Fortunately, neither of us had broken anything, bones or bikes, but our separate and distinct feelings had been wounded. It would be an hour’s ride before we would kiss and make up.
August 16, 1986 — Mileage: 2,713
Three days of hard pedaling against 15mph headwinds traveling west from Fargo were taking their toll. We woke up tired in Pekin, and packed our bikes in slow motion. Our lethargy made the morning dreary and the countryside dull. Even the headwind had gone somewhere else. An occasional mist and light sprinkle prodded us onward.
A signpost informed us that we had entered Fort Totten Indian Reservation. We were jerked out of our stupor, a Fargo voice hovering in our joint memory: “Whatever you do, don’t stop pedaling once you enter an Indian reservation! Just go as fast as you can until you see the sign announcing that you are now leaving.…”.
The farmland looked peaceful and prosperous, and we wondered about the ambiguous warnings we had received. When we questioned the advice in several instances, we got only shrugs and “believe me-s.” As we pedaled, everything looked normal enough, though there wasn’t much car traffic for Saturday morning, only an occasional auto.
We had been on the road for twenty miles since leaving Pekin, and the BikeCentennial map showed a town three miles ahead: Warwick, North Dakota, population 168, with a restaurant, service station, and grocery. A cup of coffee might pick us up, so we decided to stop. Maybe we’d learn something about the Sioux.
We turned off the highway at the Warwick signpost, and coasted into town abreast. The pavement turned into dirt, and suddenly it was as if we had time-traveled backwards into a 1920 Western ghost town. There were ramshackle low-rise wooden buildings on either side of the street. A bank on one side, the dusty shades drawn. Next to it, a sign advertised a grocery store, but it didn’t look like it had had food on the shelves for a long time. Across the street, a restaurant with a smashed plate-glass window was next to a saloon. I knew it was a saloon because we were West of the Mississippi and the volume of what was passing for music emanating from within. No swinging doors here. Just a plain, dog-eared wooden door.

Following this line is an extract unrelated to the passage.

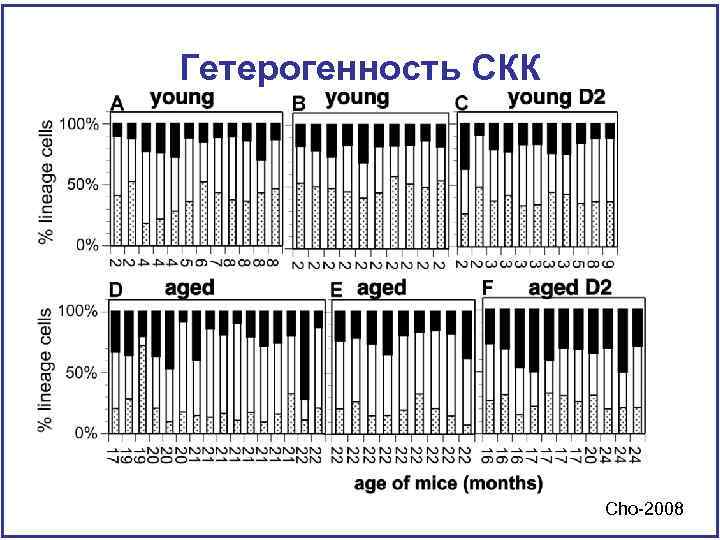 Гетерогенность СКК Cho-2008 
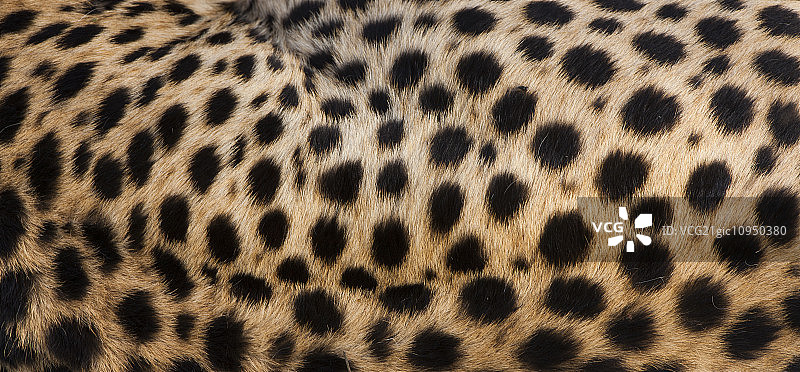 坦桑尼亚塞伦盖蒂国家公园猎豹的藏身之处的特写镜头图片素材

Breakfast and coffee were often served in small-town taverns, so we leaned our bicycles against the wall of the one-story, sandstone building and went inside. The jukebox was blaring what was undecernable as music from the far wall. Directly in front of us was an over-the-years stained wooden bar lined with seven or so backless stools. The first two stools from the door were the only ones not occupied.
As we walked further into the room, our nostrils were filled with the odors of sweat, stale beer, and cigarettes. Our eyes were struggling to adjust to the minuscule light from three rope-hung light bulbs. Having no place to go, cigarette smoke stacked itself against the low-hanging ceiling. On our right were three bare, hastily-made wooden tables. Chairs were higgly-piggly in the general area, but nobody was sitting that I could see.

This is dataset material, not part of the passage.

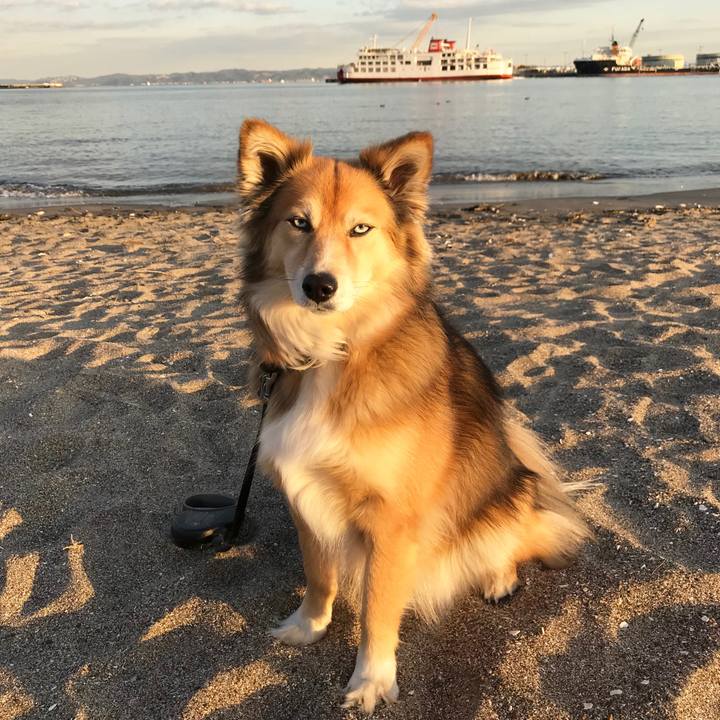 93edd841 c5b7 4754 97b4 850954893acf 1517297266855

At the rear of the room was a pool table. One player was bent over the table making his move; another, standing nearby, was ready to take over when he missed. They stopped in mid-concentration and leaned against the apron, watching us as we entered.

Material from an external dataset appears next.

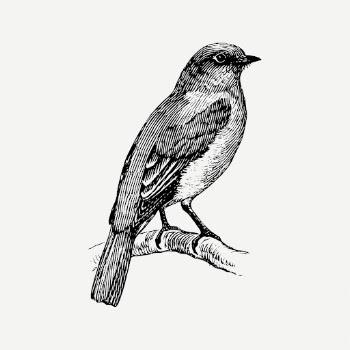 Bluebird drawing, animal vintage illustration | Free PSD - rawpixel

Looking on from behind the table were five or six wiry men in low-slung, rummage-sale-jeans, their backs against the smudged wall, cigarettes hanging from their lips. All was quiet and still as we entered the room, leaving just the jukebox screeching a plaintiff song of woe. All eyes were on the white man and woman in funny-looking shorts, dusty themselves from three days on the road. Ironically, Bob wore a bandana wrapped around his forehead.
We were entering serious Indian territory up close. To turn and retreat, as every instinct in my body told me to do, would have been an insult.
With as much nonchalance as I could muster, I walked to the bar and sat on one of the two vacant barstools. The barmaid, looked at us and quickly offered to make a pot of coffee, saying she was about to do so anyway…this as she walked towards what we hoped was the kitchen.
The Indian woman seated next to me asked where we were headed and smiled, revealing several missing teeth. Before I could reply, she was joined by a man, who, though discernibly white-skinned, wore his greasy hair long in the Indian fashion and tied a kerchief around his forehead. His grimy blue jeans were held up by a silver-buckled belt, and his shirt: Tide’s ultimate challenge. His breath reeked of tobacco and whiskey when he introduced himself as “Bud.” Concurrently, our freshly-brewed coffee arrived and was placed nicely in front of us.
I admired the way Bob calmly made polite conversation and answered Bud’s slurred questions. Bud became expansive, as though it was important for us to accept him. Even in his inebriation, it was obvious that he had had some schooling.
“The white man’s been cheatin’ the Indians ever since he got here. I’m on the Indians’ side. That’s why I live with a Sioux woman. White men gave ‘em the worst land possible when the treaty was signed. Then, when irrigation came along, they wanted the land back.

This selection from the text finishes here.